- _Task statement_: Write each entry out again exactly as it was given.

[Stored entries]
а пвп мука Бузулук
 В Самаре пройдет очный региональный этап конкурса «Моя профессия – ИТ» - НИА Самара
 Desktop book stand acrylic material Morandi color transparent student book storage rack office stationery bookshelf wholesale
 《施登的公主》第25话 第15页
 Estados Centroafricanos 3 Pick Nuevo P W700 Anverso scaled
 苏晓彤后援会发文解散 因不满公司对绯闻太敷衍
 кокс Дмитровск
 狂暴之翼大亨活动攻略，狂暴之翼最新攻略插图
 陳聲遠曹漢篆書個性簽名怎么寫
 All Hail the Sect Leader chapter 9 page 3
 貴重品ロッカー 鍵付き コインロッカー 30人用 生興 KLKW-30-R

- _Written response_:
а пвп мука Бузулук
 В Самаре пройдет очный региональный этап конкурса «Моя профессия – ИТ» - НИА Самара
 Desktop book stand acrylic material Morandi color transparent student book storage rack office stationery bookshelf wholesale
 《施登的公主》第25话 第15页
 Estados Centroafricanos 3 Pick Nuevo P W700 Anverso scaled
 苏晓彤后援会发文解散 因不满公司对绯闻太敷衍
 кокс Дмитровск
 狂暴之翼大亨活动攻略，狂暴之翼最新攻略插图
 陳聲遠曹漢篆書個性簽名怎么寫
 All Hail the Sect Leader chapter 9 page 3
 貴重品ロッカー 鍵付き コインロッカー 30人用 生興 KLKW-30-R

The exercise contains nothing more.